BorgWarner completes takeover of German battery firm Akasol

by John Shepherd
CEO Sven Shulz (right) and CFO Carsten Bovenschen to continue leading Akasol. Photo: Akasol
BorgWarner, the US-headquartered automotive supplier, has completed its acquisition of a majority stake in Germany-based battery manufacturer Akasol.

Akasol shareholders accepted the voluntary public takeover offer by ABBA BidCo, a BorgWarner subsidiary, for a purchase price of €120.00 (about £103) per share.

Akasol CEO Sven Schulz said the battery company will now look to expand in Europe, North and South America.

Carsten Bovenschen, Akasol’s CFO, said: "With BorgWarner as a strong partner on our side, we believe Akasol is well positioned to successfully realise the dynamic growth that we expect as our expansion course continues to gain momentum.”

Revenue boost

Bovenschen said the company could increase revenue for 2021 by up to 50% compared to last year – after posting a first-quarter tripling of revenue for 2021 to €24m, compared to the same period in 2020.
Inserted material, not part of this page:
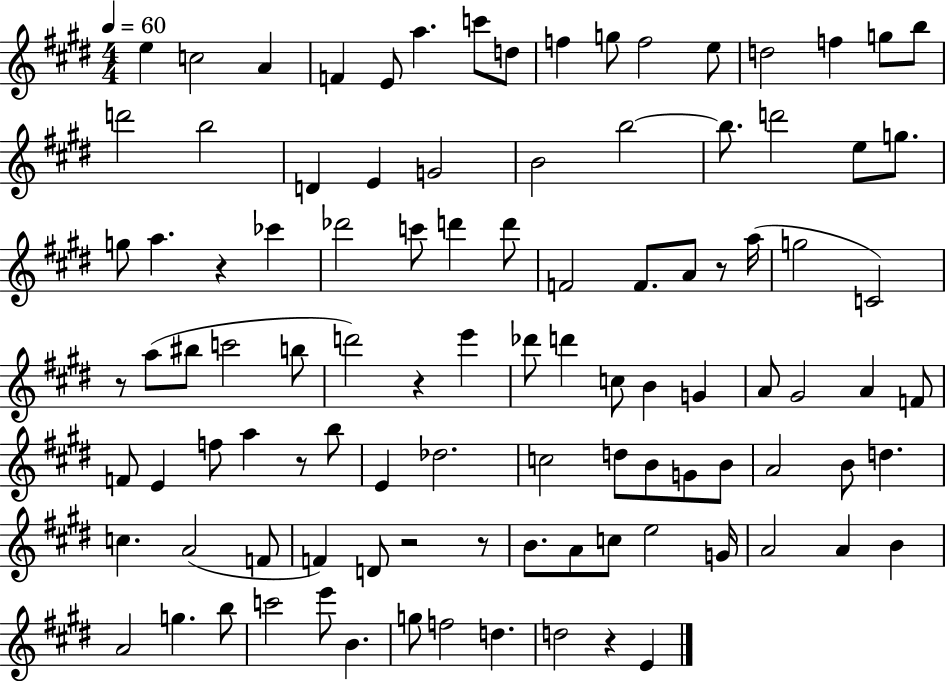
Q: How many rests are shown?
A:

The planned acquisition of Akasol was announced earlier this year, in a deal that set the firm’s total enterprise value at around €754m.

Under the terms of the deal, Schulz will continue to lead Akasol, together with Bovenschen, all founders and the management team.

Akasol, headquartered in Darmstadt, designs and manufactures customisable battery packs for buses, commercial vehicles, rolling stock and industrial vehicles, as well as for ships and boats.

Schulz said last summer that Akasol had started delivering its second-generation AKASystem OEM PRC-type lithium-ion battery systems, made at its second serial production line. The line was commissioned at the company’s Langen plant, in the German state of Hesse, in early 2020.